Tensions between Britain and France over the future of the EU intensified after Nicolas Sarkozy reportedly accused David Cameron of behaving like ‘an obstinate kid’ when he wielded the British veto at the European summit last week.
As Angela Merkel held out an olive branch to Cameron by describing Britain as an important partner, the prime minister has started agitating against the Franco-German push for a new treaty.
The prime minister has made it clear that he was prepared to foment opposition to the intergovernmental treaty, proposed by Sarkozy and Merkel at last week’s EU summit.
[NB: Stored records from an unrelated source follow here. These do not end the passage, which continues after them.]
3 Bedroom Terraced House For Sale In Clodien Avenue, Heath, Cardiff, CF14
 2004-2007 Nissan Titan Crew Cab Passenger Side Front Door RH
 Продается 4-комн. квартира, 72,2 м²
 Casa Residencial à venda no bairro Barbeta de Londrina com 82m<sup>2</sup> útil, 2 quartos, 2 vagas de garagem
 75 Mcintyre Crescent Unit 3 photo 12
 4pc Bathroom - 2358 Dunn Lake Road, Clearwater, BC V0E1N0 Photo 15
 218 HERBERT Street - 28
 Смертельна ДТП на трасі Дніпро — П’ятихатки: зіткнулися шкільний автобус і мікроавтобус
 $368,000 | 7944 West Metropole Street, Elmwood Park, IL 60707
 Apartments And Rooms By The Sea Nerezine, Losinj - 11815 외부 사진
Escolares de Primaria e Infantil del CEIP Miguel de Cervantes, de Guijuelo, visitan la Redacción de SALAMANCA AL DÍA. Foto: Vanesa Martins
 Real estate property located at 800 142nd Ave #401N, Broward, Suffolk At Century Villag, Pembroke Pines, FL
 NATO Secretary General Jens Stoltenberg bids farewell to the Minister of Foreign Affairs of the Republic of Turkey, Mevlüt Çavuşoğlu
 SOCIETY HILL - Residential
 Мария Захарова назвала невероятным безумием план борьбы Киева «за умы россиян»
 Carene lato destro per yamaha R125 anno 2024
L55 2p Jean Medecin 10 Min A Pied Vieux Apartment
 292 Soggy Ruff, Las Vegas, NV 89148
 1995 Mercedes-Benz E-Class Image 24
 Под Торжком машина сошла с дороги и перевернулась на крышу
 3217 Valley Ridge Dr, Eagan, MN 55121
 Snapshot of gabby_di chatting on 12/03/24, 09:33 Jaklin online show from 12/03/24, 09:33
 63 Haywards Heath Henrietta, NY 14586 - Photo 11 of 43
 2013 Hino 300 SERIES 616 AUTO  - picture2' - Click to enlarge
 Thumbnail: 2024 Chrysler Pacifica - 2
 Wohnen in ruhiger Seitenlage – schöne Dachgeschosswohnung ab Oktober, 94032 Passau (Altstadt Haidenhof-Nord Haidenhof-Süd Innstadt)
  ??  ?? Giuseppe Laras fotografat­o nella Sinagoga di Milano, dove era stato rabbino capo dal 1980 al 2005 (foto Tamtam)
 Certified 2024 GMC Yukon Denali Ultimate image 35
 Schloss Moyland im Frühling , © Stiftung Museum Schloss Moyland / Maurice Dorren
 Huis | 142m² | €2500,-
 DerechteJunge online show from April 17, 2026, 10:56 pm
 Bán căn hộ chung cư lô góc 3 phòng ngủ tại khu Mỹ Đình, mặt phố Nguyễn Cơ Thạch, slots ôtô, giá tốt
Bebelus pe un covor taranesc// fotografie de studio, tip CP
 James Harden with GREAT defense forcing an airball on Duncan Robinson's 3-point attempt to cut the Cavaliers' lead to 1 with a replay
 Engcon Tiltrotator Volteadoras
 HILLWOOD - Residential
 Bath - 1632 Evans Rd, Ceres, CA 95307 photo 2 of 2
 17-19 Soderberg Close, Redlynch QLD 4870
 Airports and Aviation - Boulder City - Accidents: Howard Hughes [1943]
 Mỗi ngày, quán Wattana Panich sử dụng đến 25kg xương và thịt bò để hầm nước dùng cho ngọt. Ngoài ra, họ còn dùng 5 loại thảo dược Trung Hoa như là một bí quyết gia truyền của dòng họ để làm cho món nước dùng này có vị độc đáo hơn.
He told Conservative MPs at a meeting of the 1922 committee about conversations with Fredrik Reinfeldt, Enda Kenny and Petr Necas, his Swedish, Irish and Czech counterparts.
They have all indicated deep unease about the proposed Franco-German treaty. Cameron has also spoken to Reinfeldt and Necas, whose countries are outside the euro.
The French satirical newspaper Le Canard enchaîné quoted Sarkozy as saying: “The whole world recognised that my proposal was the only possible course. The accord will perhaps not put an end to the crisis, but it is a tool for facing up to it. The dynamism of the Franco-German axis enabled us to rally 26 countries.”
When asked whether the EU summit had met the prime minister’s demand for ‘concrete action’, the spokesman said: “There has to be a decision taken to increase IMF resources. We have not taken that decision.”
About the IMF’s call for more resources for the eurozone, the spokesman said: “I have seen the information on their website. It seems to be a sort of cut and paste from the eurozone statement at the end of last week. But there hasn’t been a discussion. There would have to be a process by which any increase in IMF resources was agreed.”
But regardless of the British standoff, the summit’s decision to push ahead with new punitive rules for the euro by March have already been set back.